Supplied entries START

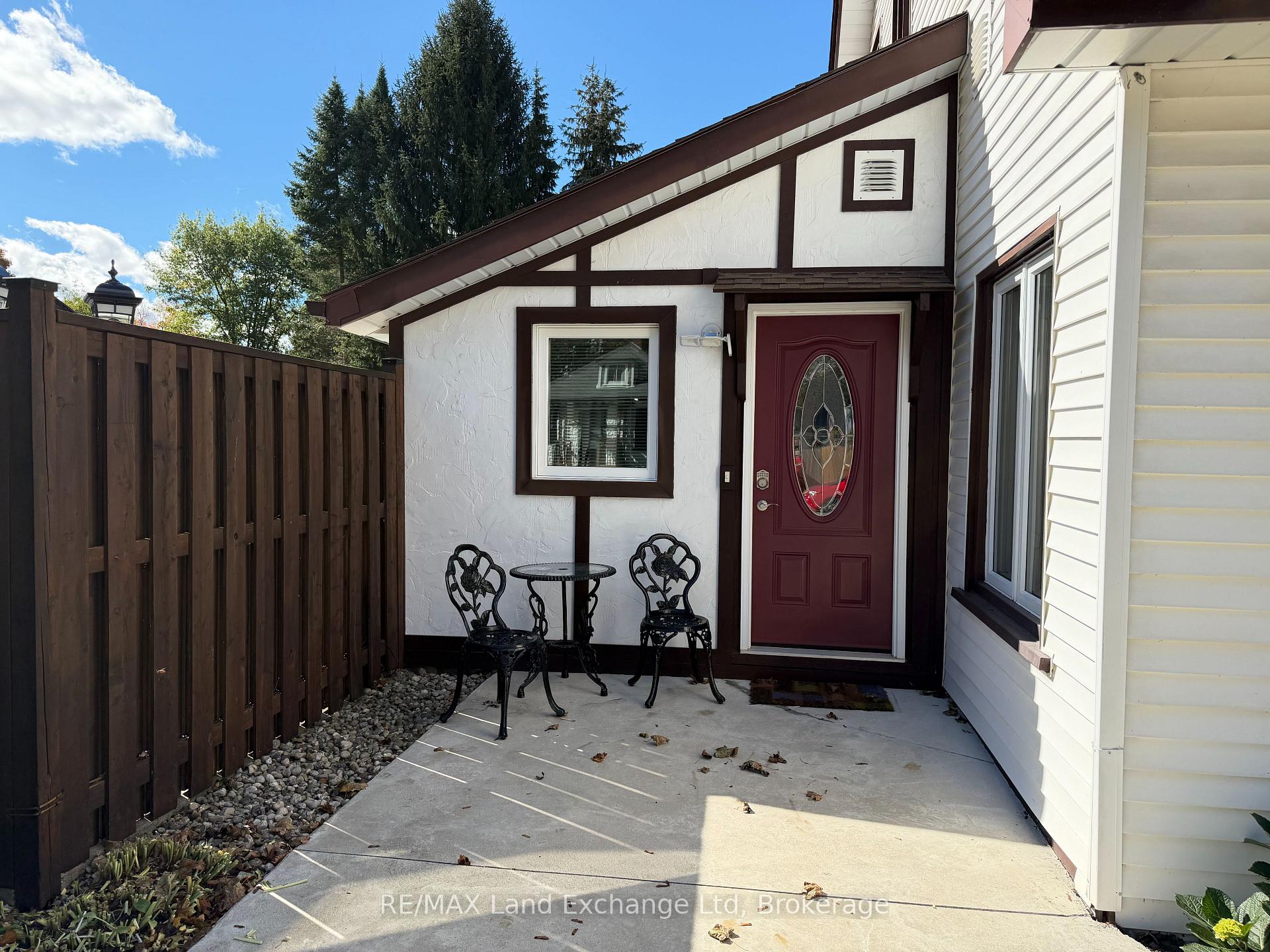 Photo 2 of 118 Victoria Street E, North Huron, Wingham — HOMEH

Supplied entries END
Supplied entries START

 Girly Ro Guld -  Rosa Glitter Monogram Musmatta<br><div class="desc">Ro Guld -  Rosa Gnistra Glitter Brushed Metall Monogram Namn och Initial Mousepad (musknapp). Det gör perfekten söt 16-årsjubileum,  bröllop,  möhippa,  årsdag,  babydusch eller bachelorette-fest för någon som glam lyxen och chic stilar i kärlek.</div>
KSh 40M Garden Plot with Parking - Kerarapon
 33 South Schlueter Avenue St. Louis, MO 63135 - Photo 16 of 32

Supplied entries END

## Exercise prompt
In the listing above, locate the line with "Girly Ro Guld" and the line with "33 South Schlueter", then extract exactly those lines and every line between them, and nothing more.

## Solved exercise
 Girly Ro Guld -  Rosa Glitter Monogram Musmatta<br><div class="desc">Ro Guld -  Rosa Gnistra Glitter Brushed Metall Monogram Namn och Initial Mousepad (musknapp). Det gör perfekten söt 16-årsjubileum,  bröllop,  möhippa,  årsdag,  babydusch eller bachelorette-fest för någon som glam lyxen och chic stilar i kärlek.</div>
KSh 40M Garden Plot with Parking - Kerarapon
 33 South Schlueter Avenue St. Louis, MO 63135 - Photo 16 of 32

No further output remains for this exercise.